In the last few years, a focus in language modelling has been on improving performance through increasing the number of parameters in transformer-based models. This approach has led to impressive results and state-of-the-art performance across many natural language processing tasks.
We also pursued this line of research at DeepMind and recently showcased Gopher, a 280-billion parameter model that established leading performance on a wide range of tasks including language modelling, reading comprehension, and question answering. Since then, an even larger model named Megatron-Turing NLG has been published with 530 billion parameters.
Due to the substantial cost of training these large models, it is paramount to estimate the best possible training setup to avoid wasting resources. In particular, the training compute cost for transformers is determined by two factors: the model size and the number of training tokens.

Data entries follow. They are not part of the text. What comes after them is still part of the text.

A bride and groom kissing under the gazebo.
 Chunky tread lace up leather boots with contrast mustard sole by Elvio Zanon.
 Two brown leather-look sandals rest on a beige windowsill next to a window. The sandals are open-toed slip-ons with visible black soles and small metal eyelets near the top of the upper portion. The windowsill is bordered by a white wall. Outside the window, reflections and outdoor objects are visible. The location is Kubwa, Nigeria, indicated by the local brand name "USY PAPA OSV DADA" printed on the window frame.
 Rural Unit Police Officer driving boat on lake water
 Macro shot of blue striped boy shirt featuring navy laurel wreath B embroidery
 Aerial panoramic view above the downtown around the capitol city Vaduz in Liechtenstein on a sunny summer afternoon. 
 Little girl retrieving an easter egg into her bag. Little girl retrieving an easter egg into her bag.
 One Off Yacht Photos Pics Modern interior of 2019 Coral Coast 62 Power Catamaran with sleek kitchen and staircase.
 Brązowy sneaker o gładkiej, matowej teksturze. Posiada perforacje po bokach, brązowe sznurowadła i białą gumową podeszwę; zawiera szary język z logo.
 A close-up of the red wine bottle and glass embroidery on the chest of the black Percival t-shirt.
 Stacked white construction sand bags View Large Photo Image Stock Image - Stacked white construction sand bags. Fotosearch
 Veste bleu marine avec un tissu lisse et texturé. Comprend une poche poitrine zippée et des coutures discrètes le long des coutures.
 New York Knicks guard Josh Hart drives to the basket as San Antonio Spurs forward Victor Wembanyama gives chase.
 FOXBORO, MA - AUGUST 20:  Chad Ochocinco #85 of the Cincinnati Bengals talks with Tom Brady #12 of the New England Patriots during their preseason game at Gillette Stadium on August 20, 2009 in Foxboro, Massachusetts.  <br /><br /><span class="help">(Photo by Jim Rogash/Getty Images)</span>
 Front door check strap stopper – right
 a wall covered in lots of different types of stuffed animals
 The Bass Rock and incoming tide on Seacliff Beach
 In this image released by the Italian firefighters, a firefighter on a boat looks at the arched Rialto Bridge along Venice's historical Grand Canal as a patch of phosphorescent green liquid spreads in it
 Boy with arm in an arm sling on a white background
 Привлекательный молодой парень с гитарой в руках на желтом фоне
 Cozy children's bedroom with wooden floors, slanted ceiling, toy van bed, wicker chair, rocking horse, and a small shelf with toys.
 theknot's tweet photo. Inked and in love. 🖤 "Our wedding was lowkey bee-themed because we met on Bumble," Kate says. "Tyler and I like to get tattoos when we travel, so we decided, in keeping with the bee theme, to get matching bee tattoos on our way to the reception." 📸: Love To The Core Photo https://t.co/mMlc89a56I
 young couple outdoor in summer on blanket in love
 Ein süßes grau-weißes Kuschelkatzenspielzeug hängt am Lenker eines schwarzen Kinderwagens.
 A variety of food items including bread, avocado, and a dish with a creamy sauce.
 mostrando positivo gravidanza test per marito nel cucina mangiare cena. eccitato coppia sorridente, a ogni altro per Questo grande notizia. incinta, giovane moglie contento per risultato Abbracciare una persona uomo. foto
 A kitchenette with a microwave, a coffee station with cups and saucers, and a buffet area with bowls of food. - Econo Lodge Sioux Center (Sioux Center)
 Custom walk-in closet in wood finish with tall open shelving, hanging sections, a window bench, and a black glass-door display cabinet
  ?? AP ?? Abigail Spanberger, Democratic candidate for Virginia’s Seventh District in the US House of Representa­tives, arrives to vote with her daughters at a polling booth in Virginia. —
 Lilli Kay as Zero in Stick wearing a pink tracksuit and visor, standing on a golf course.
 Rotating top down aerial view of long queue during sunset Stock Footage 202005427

The current generation of large language models has allocated increased computational resources to increasing the parameter count of large models and keeping the training data size fixed at around 300 billion tokens. In this work, we empirically investigate the optimal tradeoff between increasing model size and the amount of training data with increasing computational resources. Specifically, we ask the question: “What is the optimal model size and number of training tokens for a given compute budget?” To answer this question, we train models of various sizes and with various numbers of tokens, and estimate this trade-off empirically.
Our main finding is that the current large language models are far too large for their compute budget and are not being trained on enough data. In fact, we find that for the number of training FLOPs used to train Gopher, a 4x smaller model trained on 4x more data would have been preferable.
We test our data scaling hypothesis by training Chinchilla, a 70-billion parameter model trained for 1.3 trillion tokens. While the training compute cost for Chinchilla and Gopher are the same, we find that it outperforms Gopher and other large language models on nearly every measured task, despite having 70 billion parameters compared to Gopher’s 280 billion.
After the release of Chinchilla, a model named PaLM was released with 540 billion parameters and trained on 768 billion tokens. This model was trained with approximately 5x the compute budget of Chinchilla and outperformed Chinchilla on a range of tasks. While the training corpus is different, our methods do predict that such a model trained on our data would outperform Chinchilla despite not being compute-optimal. Given the PaLM compute budget, we predict a 140-billion-parameter model trained on 3 trillion tokens to be optimal and more efficient for inference.
An additional benefit of smaller, more performant models is that the inference time and memory costs are reduced making querying the models both faster and possible on less hardware. In practice, while the training FLOPs between Gopher and Chinchilla are the same, the cost of using Chinchilla is substantially smaller, in addition to it performing better. Further simple optimisations may be possible that are able to continue to provide large gains.